Using her skills, she manages environmental consultants brought onto projects. She helps them understand what their environmental commitments are, and get the workforce engaged about the environment. She’s passionate about “getting them to understand why issues are relevant to them.”
She’s encouraging others within the organisation to become really good advocates for the environment.
“I think it’s really exciting times for us in the industry, there’s so much research coming out. Positions on things like climate change and the drive in organisations, including our own, around reducing emissions. Even just the research around animals and migratory pathways.”
“You feel empowered to run with things. You are part of the solution,” says Tegan. “The two go together quite well.”
The CSIRO scientist
The oil and gas industry is increasingly collaborating with independent organisations such as the CSIRO.
GISERA – which is the CSIRO’s Gas Industry Social and Environmental Research Alliance – is an example of how working with industry has evolved.
Even though some of the funding comes from gas industry companies, their aim is both to provide and protect research independence. Often the projects undertaken reflect the interests and concerns of the community that could be impacted, mostly in regards to social and environmental impacts. The research outputs from GISERA is also made publicly available for transparency.
Cindy Ong is a CSIRO Principal Research Scientist conducting greenhouse gas research using proximal and remote sensing technology.
Her current project in the Northern Territory is documenting baseline methane emissions prior to the development of shale gas in the Beetaloo sub-basin. It involves collecting data from methane detectors fitted in vehicles, collecting continuous measurement across three survey expeditions covering a total distance of around 15,000 kms.
This kind of groundwork provides a comprehensive understanding of the current state and allows future changes in emissions to be measured. This level of monitoring would not normally be captured and that’s why Cindy believes it’s important for scientists to work alongside the oil and gas industry as well as the regulators and other stakeholders to help advance scientific understanding in areas such the Beetaloo sub-basin.

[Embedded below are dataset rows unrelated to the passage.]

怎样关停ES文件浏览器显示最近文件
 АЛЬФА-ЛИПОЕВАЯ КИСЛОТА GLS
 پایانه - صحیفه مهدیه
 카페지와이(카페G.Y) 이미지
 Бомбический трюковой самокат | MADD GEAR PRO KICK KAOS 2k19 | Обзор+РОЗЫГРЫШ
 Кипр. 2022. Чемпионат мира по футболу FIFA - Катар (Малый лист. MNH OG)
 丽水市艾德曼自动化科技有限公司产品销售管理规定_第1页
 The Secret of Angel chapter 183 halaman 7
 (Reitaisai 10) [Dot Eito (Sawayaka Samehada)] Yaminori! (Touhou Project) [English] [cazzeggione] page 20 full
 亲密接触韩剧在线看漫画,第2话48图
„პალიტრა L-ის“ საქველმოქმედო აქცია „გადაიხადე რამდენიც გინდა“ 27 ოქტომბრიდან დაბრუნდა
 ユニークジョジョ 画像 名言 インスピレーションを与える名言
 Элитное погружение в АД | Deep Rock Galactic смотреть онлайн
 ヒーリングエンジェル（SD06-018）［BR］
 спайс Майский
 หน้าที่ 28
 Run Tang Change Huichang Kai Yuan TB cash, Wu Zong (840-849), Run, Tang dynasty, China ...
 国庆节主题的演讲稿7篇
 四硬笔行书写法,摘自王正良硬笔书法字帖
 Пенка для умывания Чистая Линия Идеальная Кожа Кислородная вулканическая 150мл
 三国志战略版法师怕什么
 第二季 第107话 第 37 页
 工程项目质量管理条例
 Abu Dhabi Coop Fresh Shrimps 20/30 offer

“Industry, government and communities all share keen interest in making sure any development occurs in a sustainable manner,” says Cindy. “That’s why it’s so important to have high quality, independent scientific research results as a basis for developing policy and making decisions.”
“It is rewarding to work alongside the industry, regulators and other stakeholders to develop practical solutions be it a piece of technology or algorithm or method that will actually be used operationally into the future.”